I just started watching your channel. Every episode has left me saying what the fuck.
I subbed.
This channel is so criminally underrated
Once I imagined something somewhat like the primorial, and now I know it exist. Also you can think of the biggest primorial as the most antiprime (or prime composed) number, I guess.
I think I have a proof for twin primes. Take P# where P is a large prime number. P# + 1 must be prime, for reasons explained in the video (around the 5:00 mark, I think.) P# - 1 must also be prime for the same reasons. (P# + 1) - (P# - 1) = 2. Twin primes are infinite.
Is it really that easy?
@@ehmaree No, someone already posted a comment about this and someone else corrected them. The proof doesn't work because there is no biggest prime number, so P doesn't exist. :)

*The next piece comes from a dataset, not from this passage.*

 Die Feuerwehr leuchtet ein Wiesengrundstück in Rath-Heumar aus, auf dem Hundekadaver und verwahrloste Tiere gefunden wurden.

@@AstroEli133 Yeah, I kind of realized that around yesterday. Oh well
Random ponder: is it a problem for mathematicians that, when you talk about infinite things, it's sometimes ambiguous if you mean "THE infinity" vs "something else that also has the property of being infinite"?
I think that if you can prove whether or not there is a lower bounding number for the distance between infinite amounts of prime pairs, then you can prove whether that bound is 2. If the proven bound keeps shrinking, then there really isn't any reason to believe that the ultimate bounding number isn't 2.
(.75*(x^2))+(1.5*x)+23 =
mostly Eisenstein primes or semi-primes, when x is an even number.
Doesn't infinite prime proof, one at 5:00, also prove that there are infinitely many twin primes?
since P#-1 and P#+1 are both primes and one is 2 more than the other making them twin primes?
P#-1 and P#+1 are not necessarily prime - they can be composite numbers with prime factors larger than P. The proof works by assuming you have all primes and then constructing a number which is divisible by a prime you don't have.
hey I’m loving your videos so far but I really feel the need to say you look like Dream if he was in ratatouille
Can you teach me, how to determine whether the number is a prime or not by using the fastest method??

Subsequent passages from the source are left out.